District Judge Marvin Bay noted that while probation was not appropriate in this case, Yin's "relative youth, his rehabilitative prospects and his lack of (previous convictions)" made community based-sentences "a viable option".
He said he was satisfied that Yin "is not at high risk of reoffending". However, he noted that the victim suffered a degree of psychological harm, as she suffers from insomnia and has been "haunted with nightmares" of Yin breaking into her house or assaulting her.
She was "in constant paranoia about bumping into the accused in school" and her family members have also displayed "high levels of worry about their personal safety at home", with the victim's stepfather checking that all windows and doors are locked every night.

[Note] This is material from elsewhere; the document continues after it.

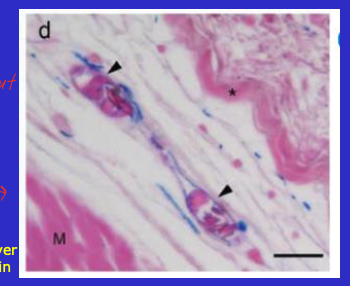 <ul><li><p>irregular </p></li><li><p>sparse, thin fibers (collagen, reticular, elastin)</p></li><li><p>abundant ground substance </p></li><li><p>mostly found beneath surface epithelia which is often a site of immune and or inflammatory reactions </p></li></ul><p></p>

Yin pleaded guilty in February to one charge of voluntarily causing hurt, with another charge of criminal trespass taken into consideration.
He was in his second year of a dental course at NUS and had dated the 21-year-old victim for almost two years.
In May 2019, the victim broke up with Yin and he entered her home with an access card she had previously given him.
She returned home to meet him and together they entered her bedroom by climbing into her window from an adjacent showroom unit.
Yin gave her roses, begged for her forgiveness and pleaded with her not to end their relationship.
However, when she declined, he hit his own head against the wall before strangling her. She screamed and struggled against his grip, but he pressed his thumb against her eye, causing it to bleed.
The victim blacked out and came to on the floor. Yin was later pinned down by the victim's stepfather and she was taken to hospital with blurred vision.
She suffered a temporary impairment to her vision, with a prolonged eye infection that took five months to resolve, and had to wear an eye patch.
For voluntarily causing hurt, Yin could have been been jailed for up to two years, fined a maximum S$5,000, or both.